“Fraudes”, por Carlos Meléndez
“Fraudes”, por Carlos Meléndez
Carlos Meléndez

Las elecciones generales del 2016 han sido legítimas y Pedro Pablo Kuczynski ha sido elegido legítimo presidente. Mérito porque hemos logrado un récord histórico de cuatro elecciones presidenciales democráticas consecutivas, a pesar de las deficiencias de nuestra legislación electoral y los errores que cometieron las autoridades electorales. Sin embargo, desde el inicio de la campaña, la palabra ‘fraude’ ha estado en boca de muchos con una irresponsabilidad muy grave para la calma social que requiere el próximo gobernante. Como señala Diego Salazar, esta ha sido la elección con más “fraudes” en nuestra histeria colectiva.

Los primeros en vociferar “fraude” fueron Julio Guzmán y un grupo de ‘líderes de opinión’ que se adhirieron a su defensa.
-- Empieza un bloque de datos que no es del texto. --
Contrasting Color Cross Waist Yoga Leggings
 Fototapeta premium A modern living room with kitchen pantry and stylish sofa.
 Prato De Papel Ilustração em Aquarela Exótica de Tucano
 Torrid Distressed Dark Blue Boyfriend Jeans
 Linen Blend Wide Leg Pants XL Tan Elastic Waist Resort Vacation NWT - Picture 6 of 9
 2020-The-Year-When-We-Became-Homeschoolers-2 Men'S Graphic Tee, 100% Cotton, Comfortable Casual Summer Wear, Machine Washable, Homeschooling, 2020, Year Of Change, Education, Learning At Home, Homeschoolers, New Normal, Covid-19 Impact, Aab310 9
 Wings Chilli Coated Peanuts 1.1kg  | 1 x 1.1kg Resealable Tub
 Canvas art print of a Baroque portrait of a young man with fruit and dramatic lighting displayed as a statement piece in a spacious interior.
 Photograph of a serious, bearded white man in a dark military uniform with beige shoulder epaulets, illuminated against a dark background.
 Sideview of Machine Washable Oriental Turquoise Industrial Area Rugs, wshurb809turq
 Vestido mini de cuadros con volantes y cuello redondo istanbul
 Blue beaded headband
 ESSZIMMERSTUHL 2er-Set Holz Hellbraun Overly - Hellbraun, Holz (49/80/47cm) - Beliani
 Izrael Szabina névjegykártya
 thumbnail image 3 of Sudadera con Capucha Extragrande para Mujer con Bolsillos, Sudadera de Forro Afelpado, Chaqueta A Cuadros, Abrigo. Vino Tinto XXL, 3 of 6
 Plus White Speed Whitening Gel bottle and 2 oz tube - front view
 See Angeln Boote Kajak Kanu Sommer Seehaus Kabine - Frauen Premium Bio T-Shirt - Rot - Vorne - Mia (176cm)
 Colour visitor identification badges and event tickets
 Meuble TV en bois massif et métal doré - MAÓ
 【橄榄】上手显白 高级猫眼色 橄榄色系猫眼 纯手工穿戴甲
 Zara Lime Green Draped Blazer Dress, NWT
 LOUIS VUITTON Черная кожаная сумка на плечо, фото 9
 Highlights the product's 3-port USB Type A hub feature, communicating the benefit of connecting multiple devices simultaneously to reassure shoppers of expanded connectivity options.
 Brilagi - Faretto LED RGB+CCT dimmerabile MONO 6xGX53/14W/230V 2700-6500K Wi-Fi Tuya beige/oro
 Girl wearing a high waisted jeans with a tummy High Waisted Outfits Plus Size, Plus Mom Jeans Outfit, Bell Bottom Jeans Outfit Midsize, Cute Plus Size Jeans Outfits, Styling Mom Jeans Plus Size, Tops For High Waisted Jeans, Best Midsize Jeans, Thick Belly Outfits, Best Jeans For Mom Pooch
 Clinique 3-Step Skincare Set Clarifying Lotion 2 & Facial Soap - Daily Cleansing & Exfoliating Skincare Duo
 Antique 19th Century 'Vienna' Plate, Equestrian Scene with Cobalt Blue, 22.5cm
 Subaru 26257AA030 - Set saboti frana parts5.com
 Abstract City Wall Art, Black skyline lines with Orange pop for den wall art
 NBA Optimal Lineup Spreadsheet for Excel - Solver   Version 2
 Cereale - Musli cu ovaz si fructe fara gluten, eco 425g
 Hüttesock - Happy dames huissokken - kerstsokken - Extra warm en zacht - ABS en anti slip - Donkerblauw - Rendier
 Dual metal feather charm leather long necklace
Para este sector, la cancelación de la candidatura morada (y la de César Acuña) por “faltas menores” fue inconstitucional. Concuerdo cuando se señala que se disminuyeron los niveles de competencia política y se melló la legitimidad del proceso, pero discrepo con el punto de considerar los comicios como “semidemocráticos” (Steven Levitsky dixit). Para dicho politólogo, “por primera vez desde el 2000, las elecciones presidenciales peruanas no serán plenamente democráticas”. Este argumento encontró eco en el secretario general de la OEA, Luis Almagro, a pesar de que no guardaba consistencia con el informe de observación electoral de dicha organización.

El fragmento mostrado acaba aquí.